● What this task involves
Could you retype the lines below, starting at the line holding "TPMT Antibody (2E7)" and stopping at the line holding "Merck Anti-PDHA1 antibody produced in rabbit", inclusive? Copy them exactly and drop the images.

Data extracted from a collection
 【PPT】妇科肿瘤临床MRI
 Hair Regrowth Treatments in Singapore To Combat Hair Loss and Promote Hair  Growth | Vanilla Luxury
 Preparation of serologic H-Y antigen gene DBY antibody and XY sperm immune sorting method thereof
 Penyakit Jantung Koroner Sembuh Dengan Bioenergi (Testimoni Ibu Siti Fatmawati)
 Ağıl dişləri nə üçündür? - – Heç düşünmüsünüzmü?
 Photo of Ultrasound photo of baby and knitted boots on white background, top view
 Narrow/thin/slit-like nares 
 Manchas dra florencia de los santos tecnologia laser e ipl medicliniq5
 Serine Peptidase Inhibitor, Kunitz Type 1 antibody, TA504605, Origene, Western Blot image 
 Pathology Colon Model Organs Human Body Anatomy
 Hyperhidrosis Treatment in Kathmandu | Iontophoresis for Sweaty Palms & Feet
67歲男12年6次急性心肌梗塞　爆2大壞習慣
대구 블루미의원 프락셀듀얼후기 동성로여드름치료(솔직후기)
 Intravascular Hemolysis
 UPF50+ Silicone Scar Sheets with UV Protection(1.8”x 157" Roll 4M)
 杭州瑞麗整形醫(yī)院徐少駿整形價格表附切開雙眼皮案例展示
--
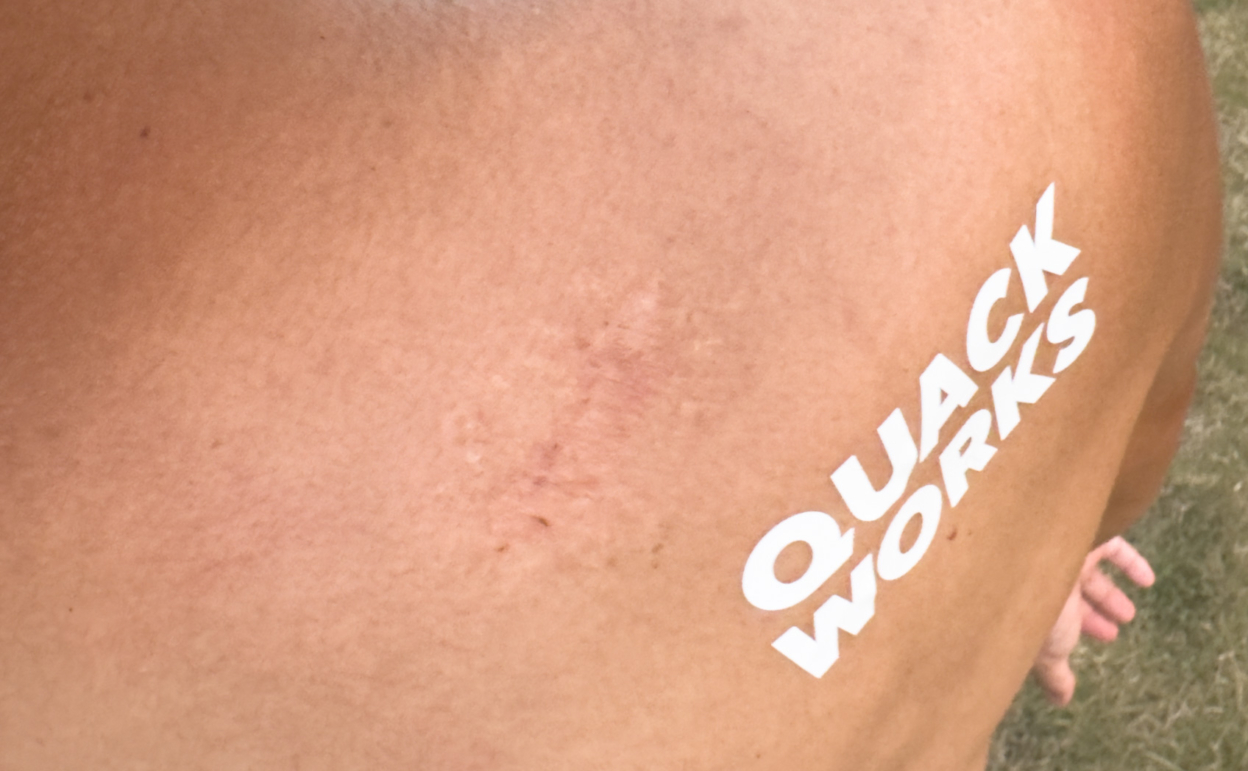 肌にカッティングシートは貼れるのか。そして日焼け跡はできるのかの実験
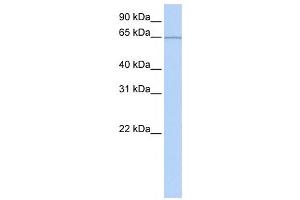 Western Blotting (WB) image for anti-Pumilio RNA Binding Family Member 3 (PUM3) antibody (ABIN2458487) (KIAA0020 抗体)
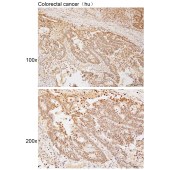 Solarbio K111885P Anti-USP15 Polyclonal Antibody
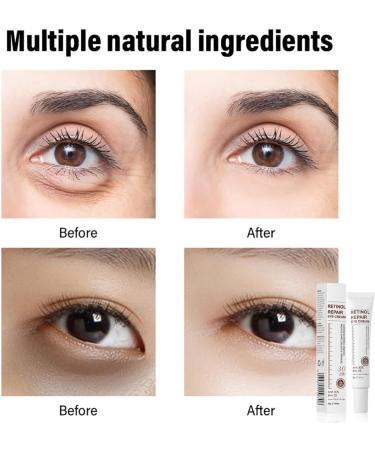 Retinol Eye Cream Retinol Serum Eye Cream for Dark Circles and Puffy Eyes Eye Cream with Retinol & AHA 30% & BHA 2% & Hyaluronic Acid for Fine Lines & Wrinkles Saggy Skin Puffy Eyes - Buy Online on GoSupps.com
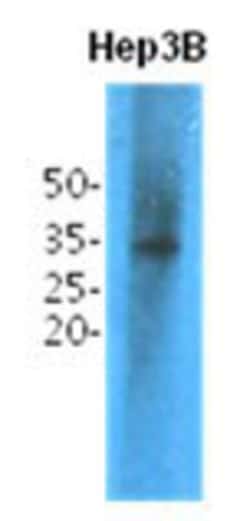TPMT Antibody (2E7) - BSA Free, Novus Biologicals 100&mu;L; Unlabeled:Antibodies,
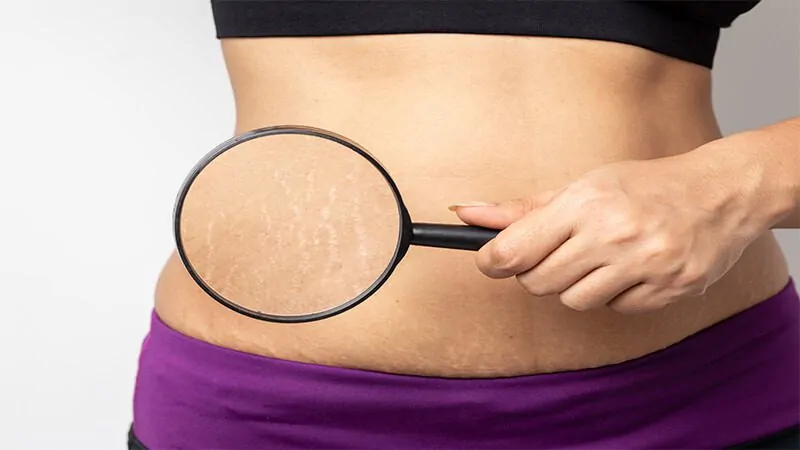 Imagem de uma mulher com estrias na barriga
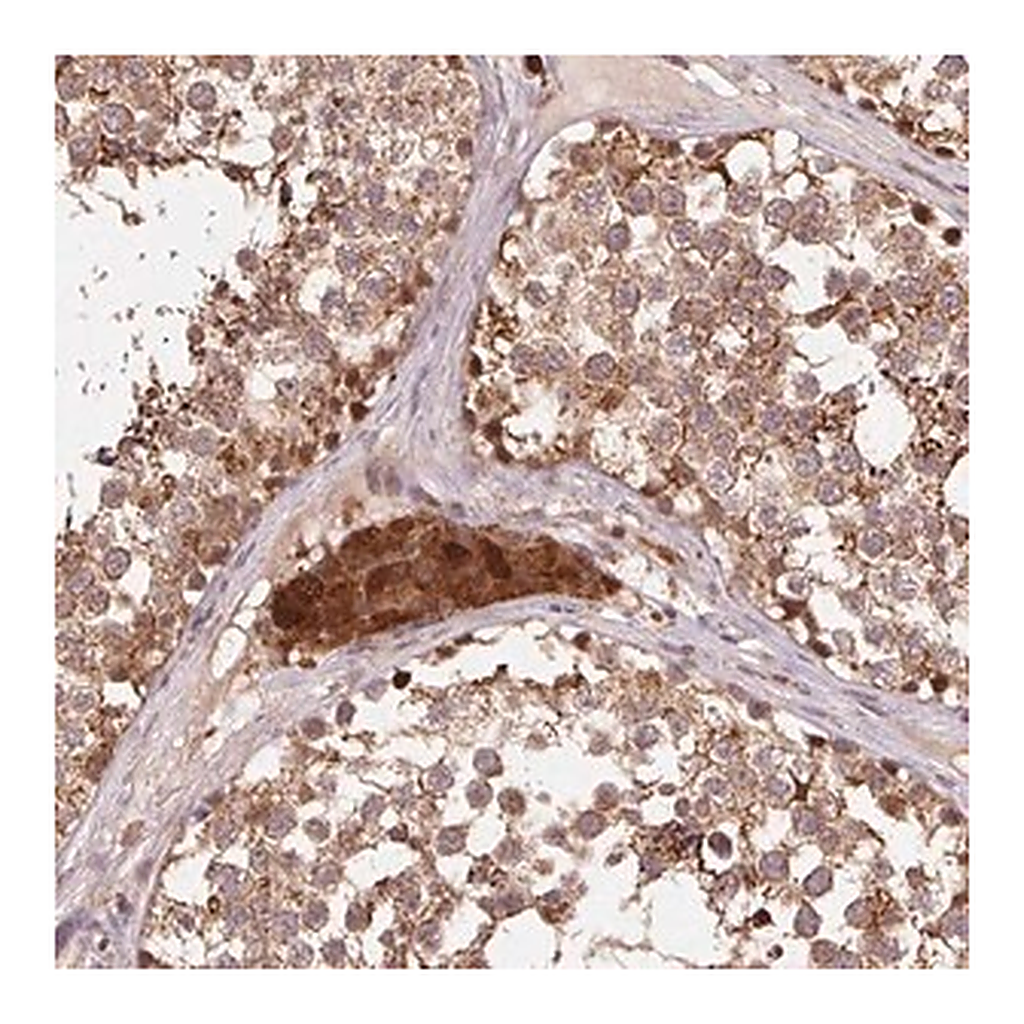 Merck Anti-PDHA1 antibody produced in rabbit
--
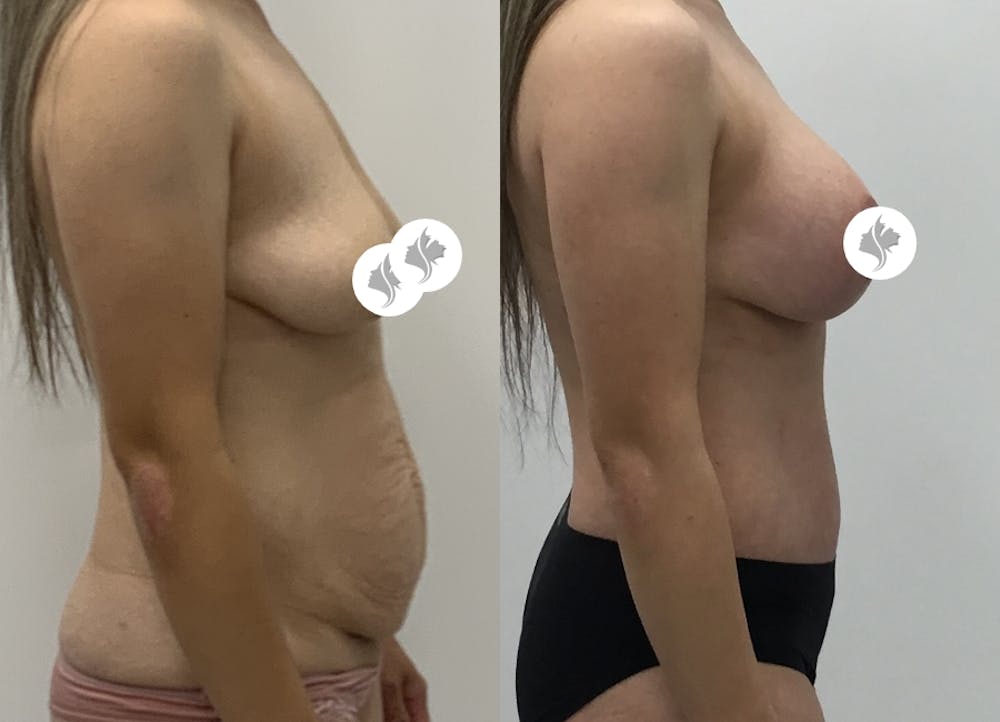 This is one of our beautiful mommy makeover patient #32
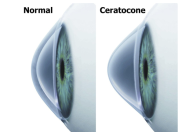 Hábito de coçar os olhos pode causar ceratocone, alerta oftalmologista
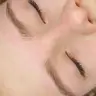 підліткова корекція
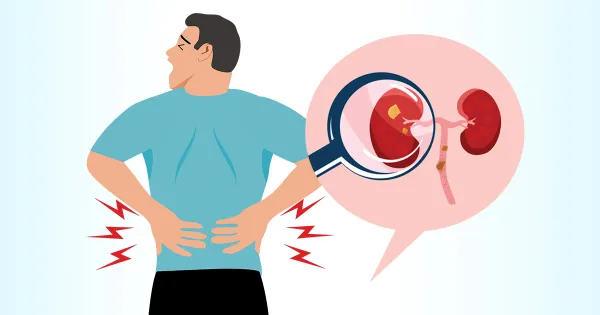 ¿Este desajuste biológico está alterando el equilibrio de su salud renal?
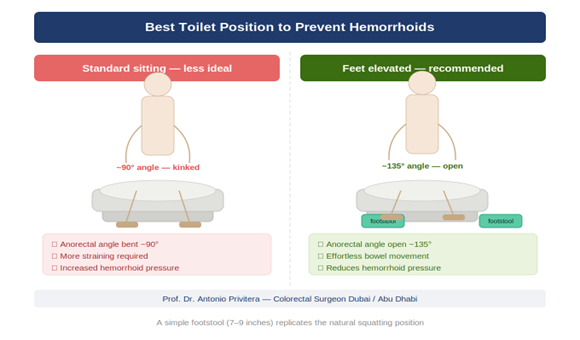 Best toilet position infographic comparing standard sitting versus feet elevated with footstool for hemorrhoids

● Answer below
TPMT Antibody (2E7) - BSA Free, Novus Biologicals 100&mu;L; Unlabeled:Antibodies,
 Imagem de uma mulher com estrias na barriga
 Merck Anti-PDHA1 antibody produced in rabbit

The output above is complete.